━━━━━ Input material ━━━━━

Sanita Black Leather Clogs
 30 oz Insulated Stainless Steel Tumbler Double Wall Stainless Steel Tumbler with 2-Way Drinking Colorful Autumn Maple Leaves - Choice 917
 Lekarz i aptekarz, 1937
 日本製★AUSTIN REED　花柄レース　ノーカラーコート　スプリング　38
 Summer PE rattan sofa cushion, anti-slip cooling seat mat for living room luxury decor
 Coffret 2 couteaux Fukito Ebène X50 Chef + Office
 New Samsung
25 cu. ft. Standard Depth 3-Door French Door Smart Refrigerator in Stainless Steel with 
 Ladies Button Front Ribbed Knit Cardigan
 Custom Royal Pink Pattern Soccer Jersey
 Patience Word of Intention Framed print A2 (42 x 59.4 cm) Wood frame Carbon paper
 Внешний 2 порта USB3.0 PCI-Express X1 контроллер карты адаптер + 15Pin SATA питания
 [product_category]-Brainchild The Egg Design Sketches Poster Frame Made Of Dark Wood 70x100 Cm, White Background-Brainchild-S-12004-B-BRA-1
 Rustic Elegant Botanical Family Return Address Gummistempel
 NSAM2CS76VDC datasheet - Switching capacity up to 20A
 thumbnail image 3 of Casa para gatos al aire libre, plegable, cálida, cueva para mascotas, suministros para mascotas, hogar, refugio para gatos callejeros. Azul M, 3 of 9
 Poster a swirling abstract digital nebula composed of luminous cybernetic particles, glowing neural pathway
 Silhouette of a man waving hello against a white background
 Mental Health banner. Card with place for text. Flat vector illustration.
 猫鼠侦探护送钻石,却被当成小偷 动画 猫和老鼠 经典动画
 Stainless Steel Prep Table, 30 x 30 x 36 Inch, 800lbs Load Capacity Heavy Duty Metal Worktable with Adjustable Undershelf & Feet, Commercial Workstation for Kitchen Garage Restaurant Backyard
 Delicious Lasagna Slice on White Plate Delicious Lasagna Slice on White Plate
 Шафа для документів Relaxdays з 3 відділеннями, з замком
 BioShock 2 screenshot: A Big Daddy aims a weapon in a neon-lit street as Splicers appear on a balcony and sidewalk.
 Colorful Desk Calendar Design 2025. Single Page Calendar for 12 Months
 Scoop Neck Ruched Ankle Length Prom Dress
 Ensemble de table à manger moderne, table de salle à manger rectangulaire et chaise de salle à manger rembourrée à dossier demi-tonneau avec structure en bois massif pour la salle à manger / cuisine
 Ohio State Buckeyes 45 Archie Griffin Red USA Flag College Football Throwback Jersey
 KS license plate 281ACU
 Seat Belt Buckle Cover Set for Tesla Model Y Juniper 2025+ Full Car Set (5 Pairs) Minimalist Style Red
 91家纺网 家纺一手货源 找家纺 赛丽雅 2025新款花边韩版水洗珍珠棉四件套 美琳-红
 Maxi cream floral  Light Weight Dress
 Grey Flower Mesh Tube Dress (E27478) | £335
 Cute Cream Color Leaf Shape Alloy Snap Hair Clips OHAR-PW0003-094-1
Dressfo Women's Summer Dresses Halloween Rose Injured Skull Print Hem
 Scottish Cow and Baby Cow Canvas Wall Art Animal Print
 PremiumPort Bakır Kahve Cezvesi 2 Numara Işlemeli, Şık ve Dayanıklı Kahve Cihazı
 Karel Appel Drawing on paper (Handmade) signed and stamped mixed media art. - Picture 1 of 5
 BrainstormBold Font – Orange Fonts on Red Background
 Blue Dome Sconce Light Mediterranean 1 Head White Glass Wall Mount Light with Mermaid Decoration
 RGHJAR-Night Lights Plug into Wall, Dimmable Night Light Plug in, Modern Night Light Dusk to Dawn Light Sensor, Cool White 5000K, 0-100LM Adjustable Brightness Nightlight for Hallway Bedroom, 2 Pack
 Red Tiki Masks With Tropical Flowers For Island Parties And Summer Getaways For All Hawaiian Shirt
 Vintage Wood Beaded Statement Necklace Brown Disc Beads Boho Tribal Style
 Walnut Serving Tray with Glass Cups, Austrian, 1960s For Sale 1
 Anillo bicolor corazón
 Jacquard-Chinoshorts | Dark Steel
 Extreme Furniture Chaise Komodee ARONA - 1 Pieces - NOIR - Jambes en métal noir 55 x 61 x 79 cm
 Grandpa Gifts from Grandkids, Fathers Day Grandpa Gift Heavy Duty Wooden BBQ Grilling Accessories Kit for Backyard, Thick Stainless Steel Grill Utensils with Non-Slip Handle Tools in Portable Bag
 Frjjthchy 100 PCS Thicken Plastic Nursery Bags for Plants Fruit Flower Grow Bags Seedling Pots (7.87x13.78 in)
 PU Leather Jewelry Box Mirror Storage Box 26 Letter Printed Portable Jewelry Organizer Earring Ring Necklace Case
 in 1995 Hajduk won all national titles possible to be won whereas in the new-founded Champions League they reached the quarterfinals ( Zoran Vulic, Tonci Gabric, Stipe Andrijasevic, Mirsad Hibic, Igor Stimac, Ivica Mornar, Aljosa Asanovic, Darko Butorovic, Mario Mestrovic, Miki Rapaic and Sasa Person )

━━━━━

▶ [What is being asked]:
Lines from the first one above through the line containing "Patience Word of" are to be retyped exactly, both included, and nothing more.

▶ [Exercise output]:
Sanita Black Leather Clogs
 30 oz Insulated Stainless Steel Tumbler Double Wall Stainless Steel Tumbler with 2-Way Drinking Colorful Autumn Maple Leaves - Choice 917
 Lekarz i aptekarz, 1937
 日本製★AUSTIN REED　花柄レース　ノーカラーコート　スプリング　38
 Summer PE rattan sofa cushion, anti-slip cooling seat mat for living room luxury decor
 Coffret 2 couteaux Fukito Ebène X50 Chef + Office
 New Samsung
25 cu. ft. Standard Depth 3-Door French Door Smart Refrigerator in Stainless Steel with 
 Ladies Button Front Ribbed Knit Cardigan
 Custom Royal Pink Pattern Soccer Jersey
 Patience Word of Intention Framed print A2 (42 x 59.4 cm) Wood frame Carbon paper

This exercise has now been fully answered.